▶ [What needs to be done]:
Repeat exactly, and nothing more, the lines from the one that includes "Entrepreneurship promotes research" through the final line of the entries; skip the pictures.

▶ [Exercise data]:
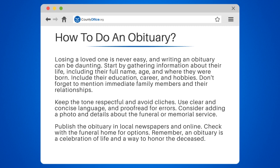Keep the tone respectful and avoid clichés. Use clear and concise language, and proofread for errors. Consider adding a photo and details about the funeral or memorial service. Publish the obituary in local newspapers and online, and check with the funeral home for options.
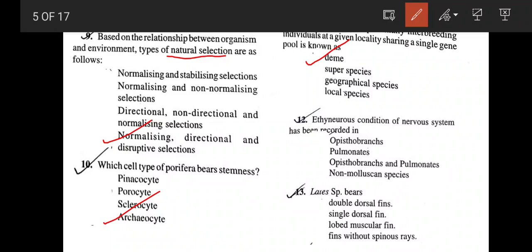The euthyneurous condition of the nervous system has been recorded in opisthobranch and pulmonates — correct answer is option C. Next, Latimeria species bears a double dorsal fin — one fin is muscular and another one has spinous rays. Correct answer is double dorsal fin.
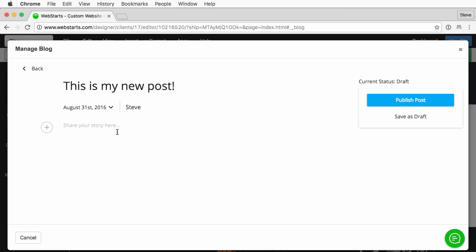However you want to write it, however long you want to write it. You can add videos and images. So this is basically where you create the blog post.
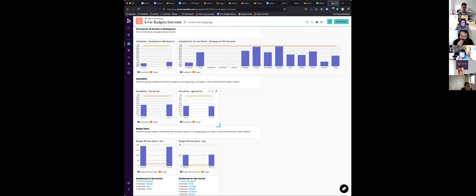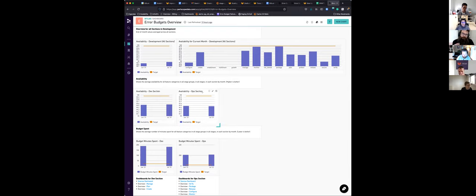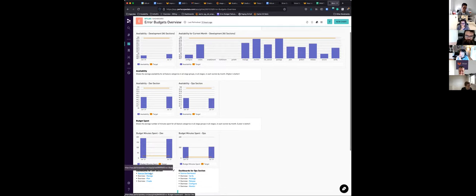When they first come in, this is the overview showing all sections in development — the availability for all sections as an end-of-month reading for June and current July. It's broken down by section: everything in every group in every stage of the Dev section, and the same for Ops. I've split it into two views: availability versus target, and budget spent versus target.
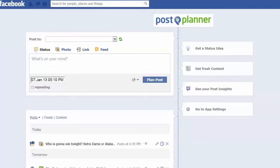Scott here with Post Planner. I've got another really juicy tip on what feature you can use with the Post Planner app that is going to help you crush it on your Facebook page — not only leveraging the Post Planner app but also taking advantage of EdgeRank, the algorithm that determines if your post even shows up in the newsfeed of your fans.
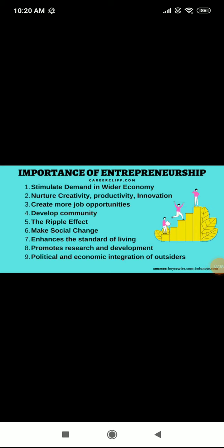Entrepreneurship promotes research and development. An entrepreneur initiates change, and there is more and more R&D happening — take the example of pharmaceutical industries; Covishield and Covaxin are Indian inventions. Political and economic integration of outsiders means entrepreneurs can bring good ideas from powerful nations into our country. This also helps with capital formation and reducing the gap between rich and poor.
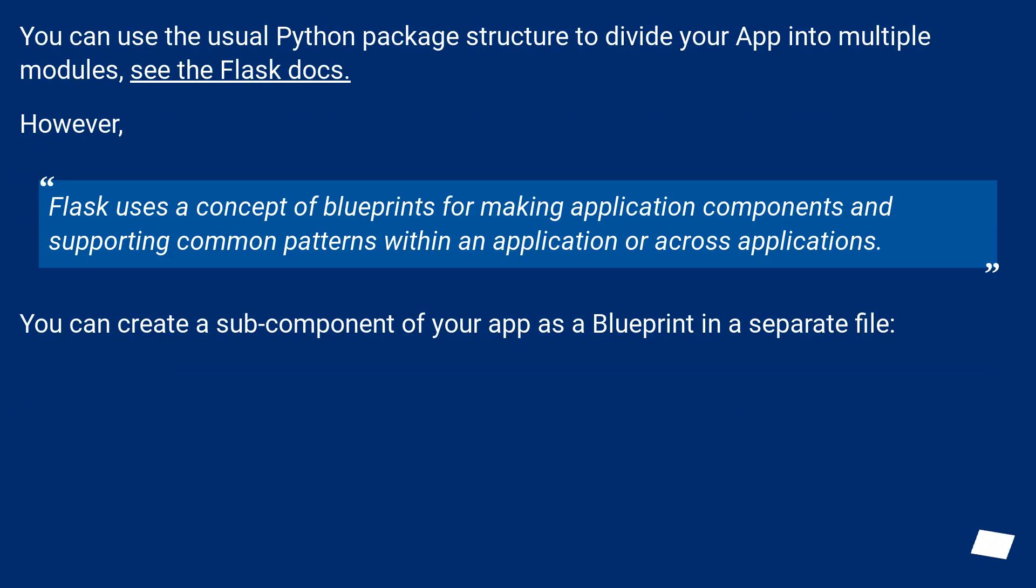You can use the usual Python package structure to divide your app into multiple modules. See the Flask docs.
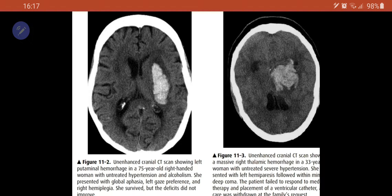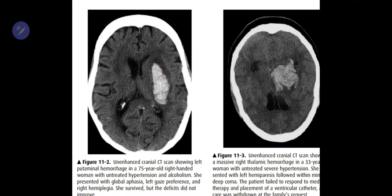15% of all strokes are caused by hemorrhagic strokes and the majority of them are intra-parenchymal bleeds. CT is the best investigation of choice to look for bleeds in the brain. Let us review some of the CT findings that we might find in intra-parenchymal bleeds.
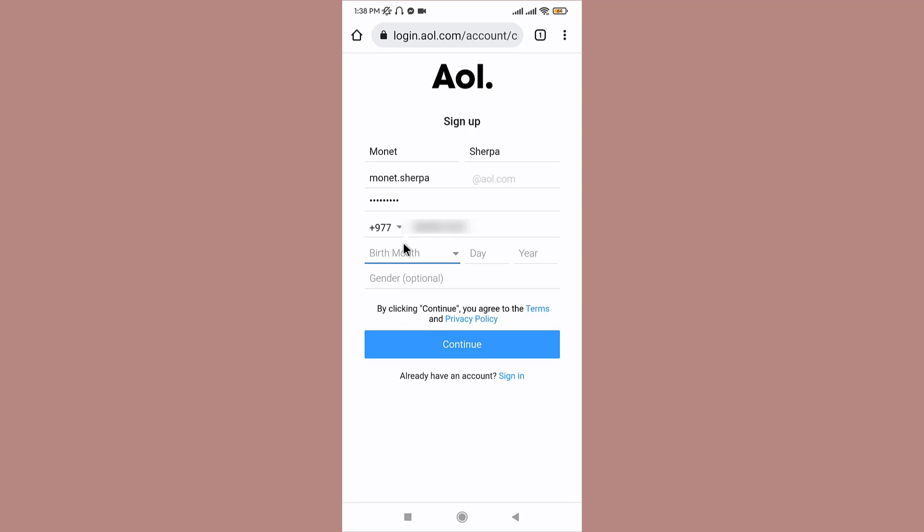And now enter your date of birth in the field. You need to be at least 13 years old to create an AOL account. Once you have finished entering the details, go and tap on continue.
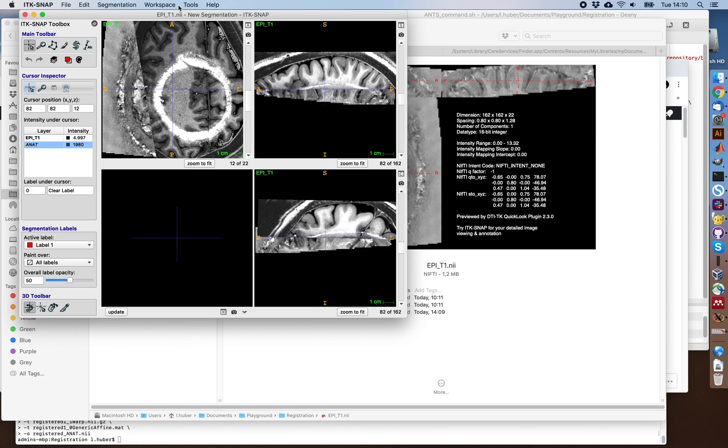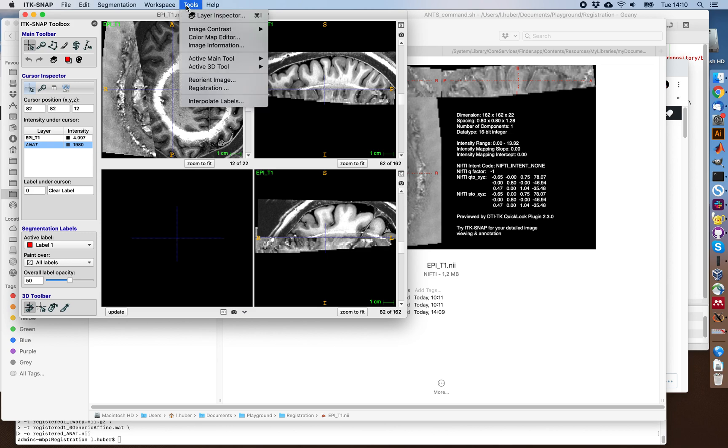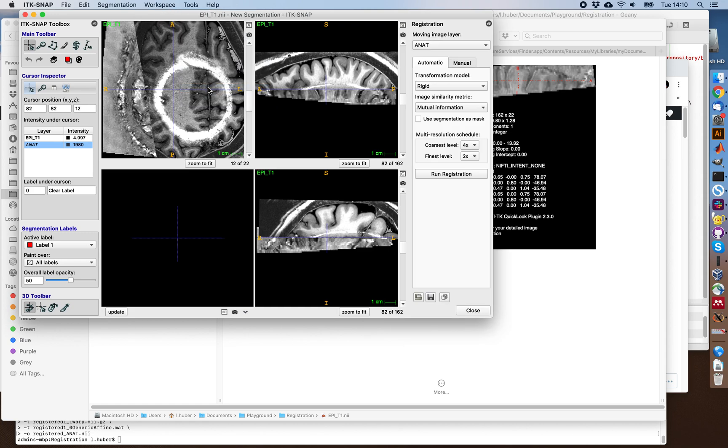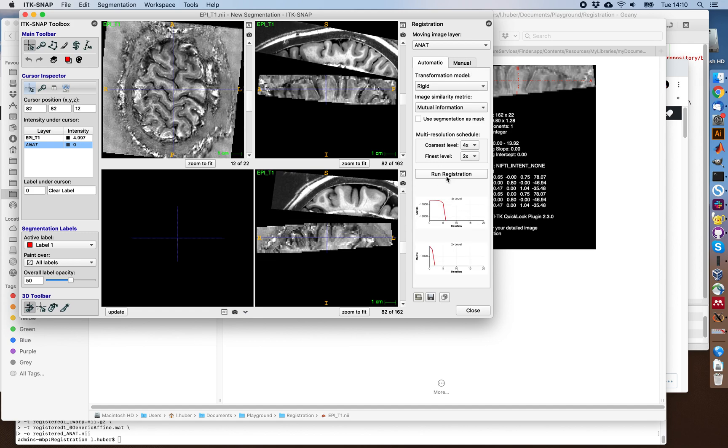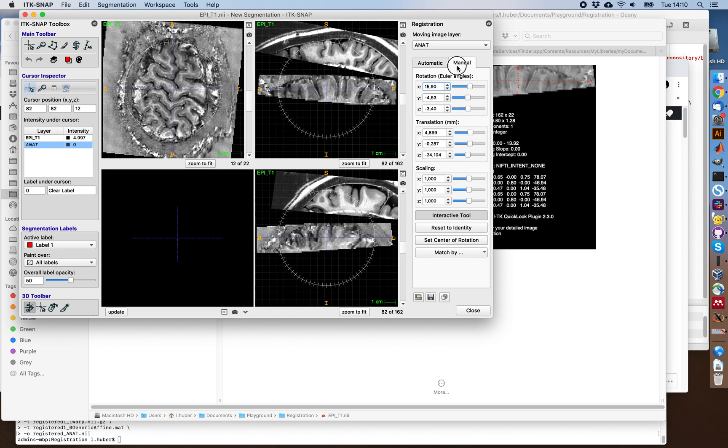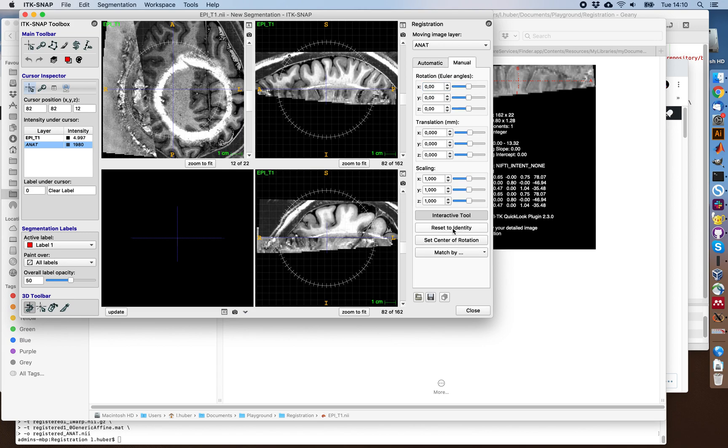And in ITK-SNAP, you have this manual and automatic registration tool. So when you go to tools here and hit registration, you have an automatic and a manual tab. For example, if we run the registration like this, you can see that it rarely works, especially not with these very high resolution slab data. So let's reset this to identity and use the manual tab here.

▶ [Task solution]:
Entrepreneurship promotes research and development. An entrepreneur initiates change, and there is more and more R&D happening — take the example of pharmaceutical industries; Covishield and Covaxin are Indian inventions. Political and economic integration of outsiders means entrepreneurs can bring good ideas from powerful nations into our country. This also helps with capital formation and reducing the gap between rich and poor.
You can use the usual Python package structure to divide your app into multiple modules. See the Flask docs.
15% of all strokes are caused by hemorrhagic strokes and the majority of them are intra-parenchymal bleeds. CT is the best investigation of choice to look for bleeds in the brain. Let us review some of the CT findings that we might find in intra-parenchymal bleeds.
And now enter your date of birth in the field. You need to be at least 13 years old to create an AOL account. Once you have finished entering the details, go and tap on continue.
And in ITK-SNAP, you have this manual and automatic registration tool. So when you go to tools here and hit registration, you have an automatic and a manual tab. For example, if we run the registration like this, you can see that it rarely works, especially not with these very high resolution slab data. So let's reset this to identity and use the manual tab here.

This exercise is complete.